Selling Goodwill: Law Office Edition

can you sell the good will of a law office

When it comes to selling a law firm, many lawyers are unaware that this is even an option. However, the goodwill of a law firm can be a valuable asset. In the business world, goodwill is often defined as the amount paid above the fair market value of a business' assets and liabilities. This includes intangible assets such as brand name, reputation, and long-term customer relationships. In the legal profession, where personal relationships are key, the goodwill of a law firm or individual lawyer can be especially valuable. This value can be transferred to a buyer, increasing their revenue by adding new clients to their base.

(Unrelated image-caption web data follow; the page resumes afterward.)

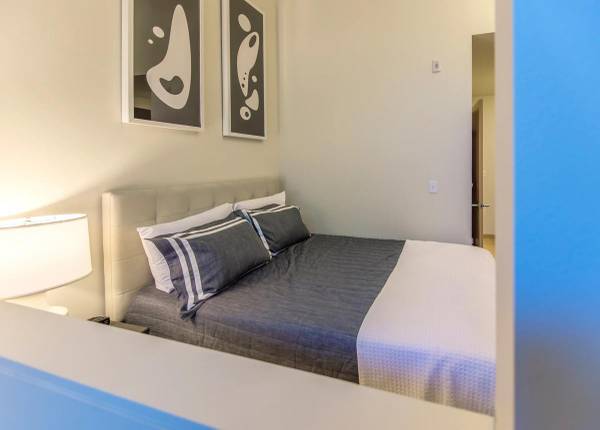 $2,678 / 1br - 595ft2 - Fitness Center w Free Weights, Wood Style Floors, Pet Friendly (We are locate in SLU w/ In walking distance to Amazon)63995109905410123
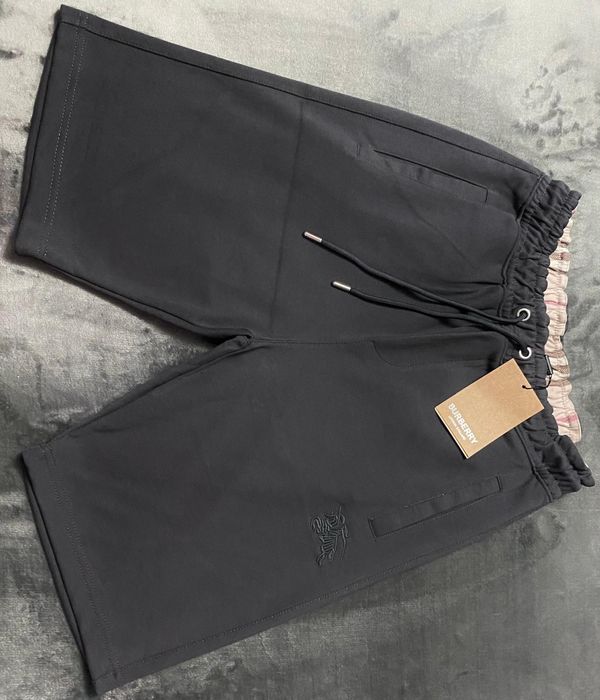 Vând pantalon nou de bărbați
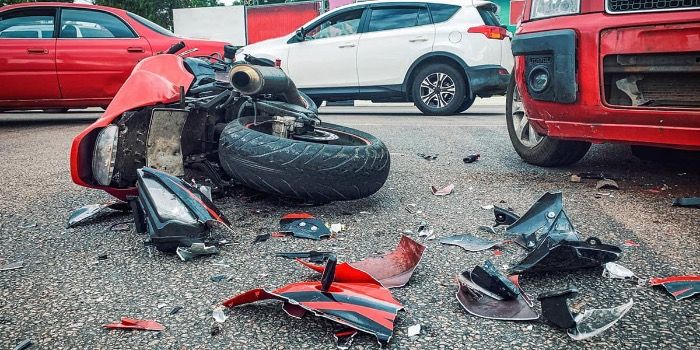 Fallece joven pareja en accidente de tránsito en Avenida Simón Bolivar, en Quito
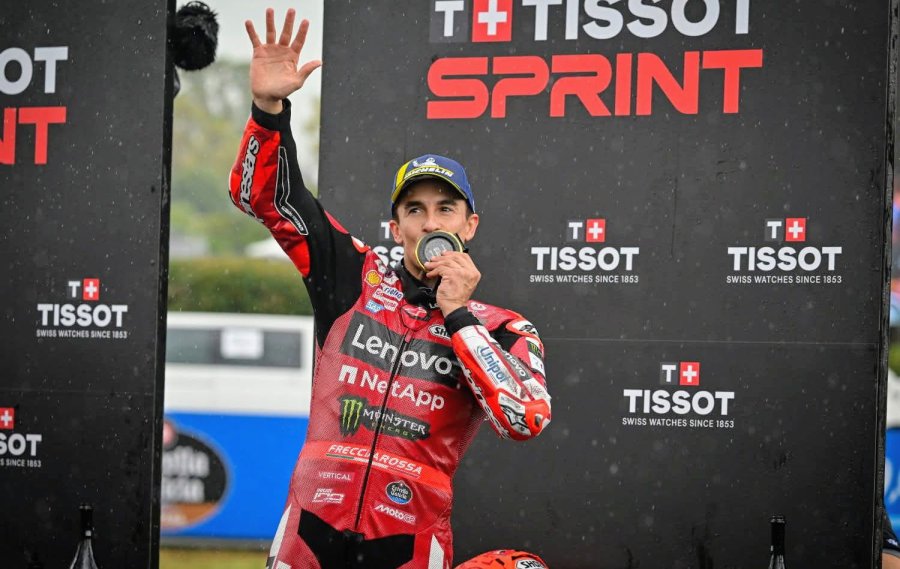 Marc M&aacute;rquez festejando su victoria en la carrera Sprint disputada en Jerez.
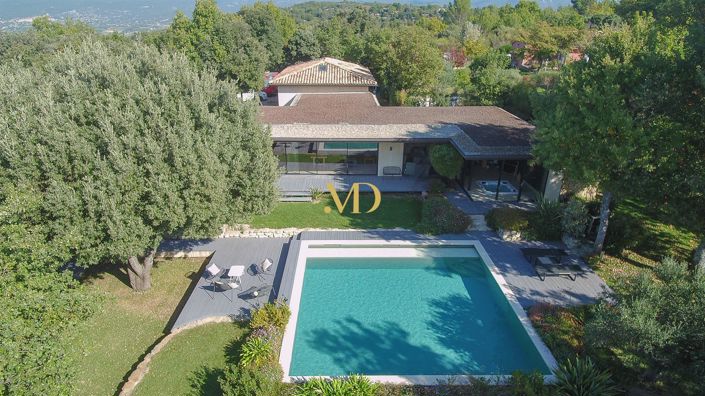 Image No.6-4 Bed House for sale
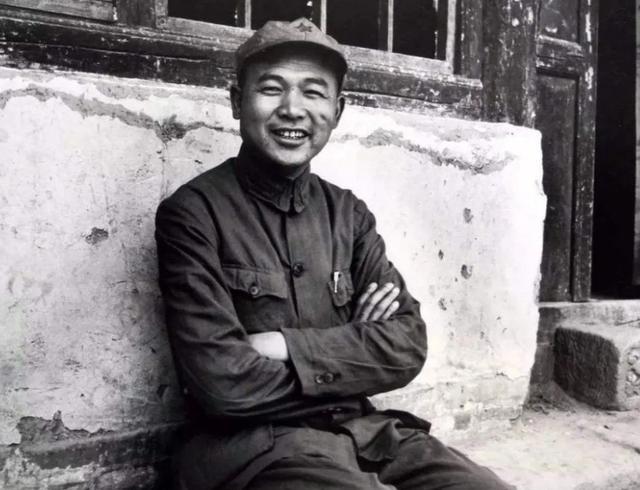 徐海东在1955年授衔前夕，提出自己受伤时间太久，没有指挥打仗，就不要给自己授衔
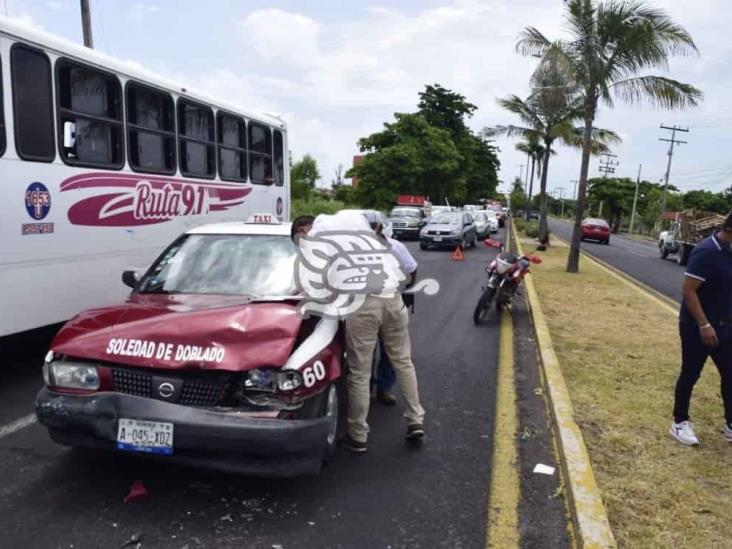 Accidente sobre carretera libre federal Veracruz Xalapa; deja solo daños materiales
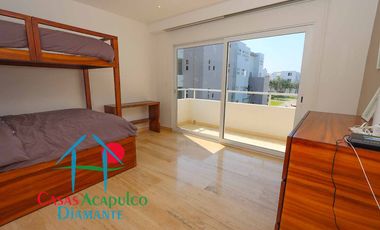 Departamento en condominio con club de playa. Terraza con vista a la alberca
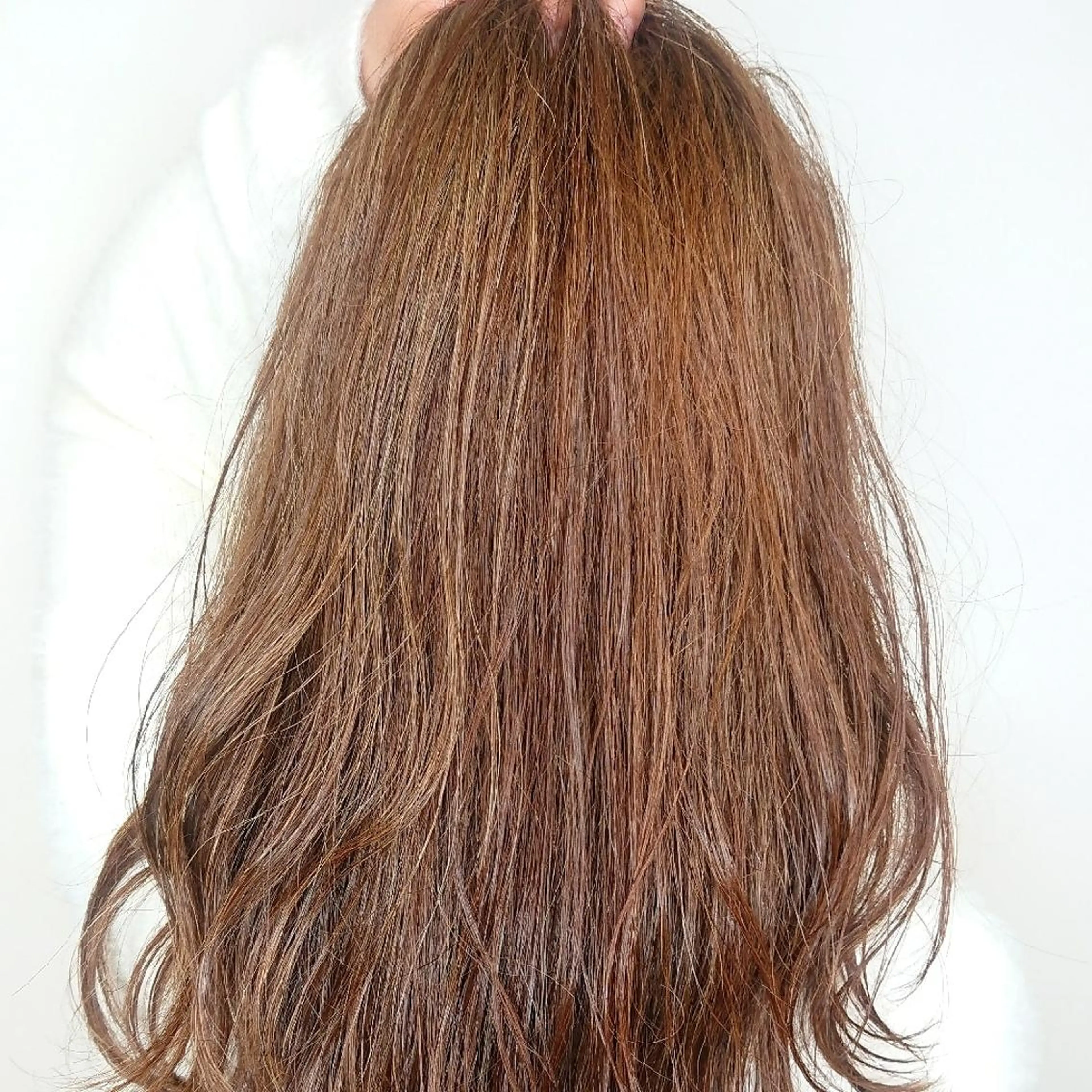 カラー ブリーチ/ヘアケア/ 艶髪/イギチハルのヘアスタイル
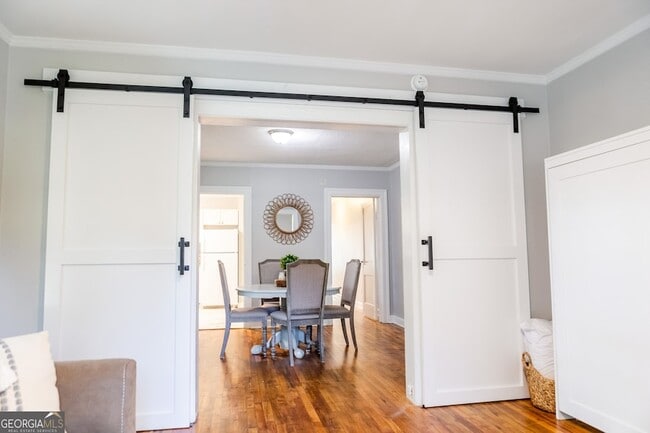 Building Photo - 111 E Screven St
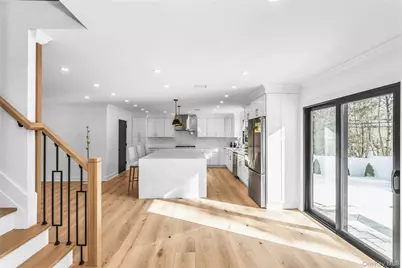 8 Allison Drive, Old Bethpage, NY 11804 - Photo 15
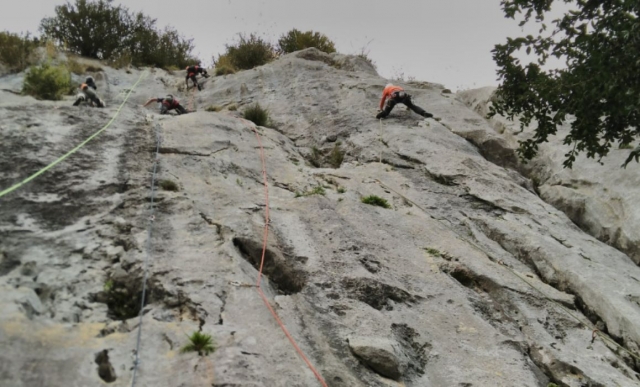  Aprovecha nuestra experiencia para perfeccionar su técnica duranle una sesión de escalada 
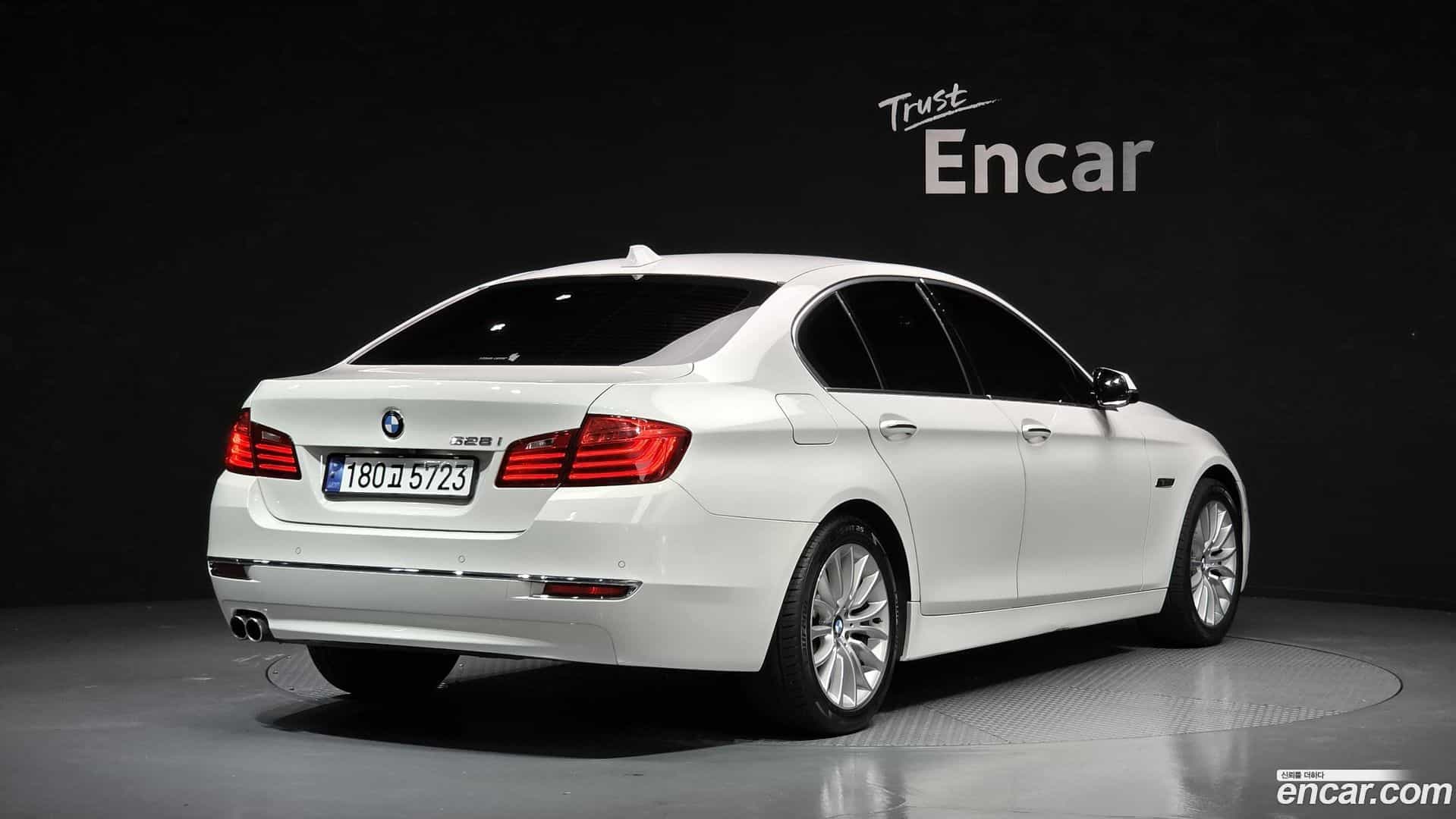 5-Series BMW 2014.2-OUTER-002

While there may be ethical considerations around selling the goodwill of a law firm, it is a property right that is recognized by state law and can result in substantial tax savings.

Characteristics Values
Definition of Goodwill Goodwill is the amount paid above the fair market value of a business' assets and liabilities.
Goodwill in Law Firms Law firms have more personal goodwill compared to practice goodwill.
Goodwill as an Asset Goodwill is a property right or asset that is transferable in the same way as other assets.
Tax Implications Planning with personal goodwill can minimize taxes arising from the sale of a business.
Valuation of Goodwill An earnings multiplier is a common approach for goodwill valuation, but it is a subjective process.
Factors Affecting Goodwill Age, health, past earning power, reputation, and comparative professional success are factors in determining goodwill.
Selling a Law Firm The transferable value of a law firm includes tangible assets, such as office space and technology, as well as intangible assets like goodwill and client relationships.
Buying a Law Firm Lawyers buying a law firm are interested in growing their revenue by acquiring clients and leveraging the goodwill and reputation of the seller.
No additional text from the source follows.